The 51-year-old, who lives in Woodbridge and is married to Sally, said: “It’s the hardest secret I’ve ever had to keep. When I opened up the envelope I thought someone was playing a joke on me.”

Susan Joan Lloyd, from Haverhill, has been made an MBE for services to education in today’s honours, while Peasenhall’s Kevin Brendan Shakeshaft, Higher Officer, Criminal Investigation Directorate at HMRC, is also honoured. He is made an MBE for services to criminal investigation, officer safety training, and voluntary service to the community in Suffolk.

A dedicated bell ringer for more than 50 years has also been recognised in the Queen’s New Year’s Honours.

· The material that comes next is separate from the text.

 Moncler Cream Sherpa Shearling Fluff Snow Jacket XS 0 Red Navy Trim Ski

Elizabeth Baines, better known as Betty, has dedicated her free time to ringing since the age of 11, and now teaches and encourages new recruits and raises funds for charity.

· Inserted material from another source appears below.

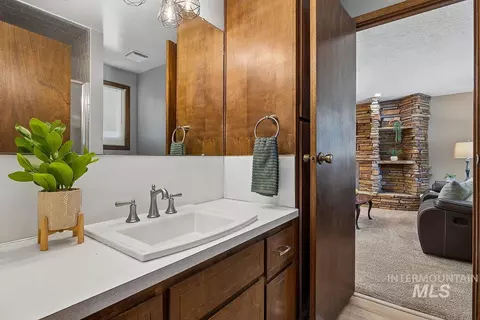 Bath - 16227 S Kimball Ave, Caldwell, ID 83607 photo 4 of 4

The 67-year-old, from Walcot Green in Diss, received a letter informing her she was to be made an MBE in November, but was sworn to secrecy until it was made public.

“It’s just fantastic – I couldn’t believe it, it’s such an honour.”

An entrepreneur who has helped create thousands of jobs for women and disadvantaged groups has said she is “absolutely delighted” to be made a Commander of the Order of the British Empire (CBE).

Bev Hurley, from Newmarket, is one of the country’s leading experts on growing and sustaining woman-owned businesses, having set-up Enterprising Women and the Norfolk Network.

In her current role as chief executive of consultancy firm the YTKO Group, Ms Hurley has spearheaded two public-sector programmes that have supported around 20,000 people and drawn praise from business secretary Vince Cable.

She said: “My reaction was one of utter amazement. I was absolutely delighted, thrilled, shocked and surprised in equal measure.”

Sally Mann, also from Newmarket, is awarded the BEM for services to the community in Stetchworth.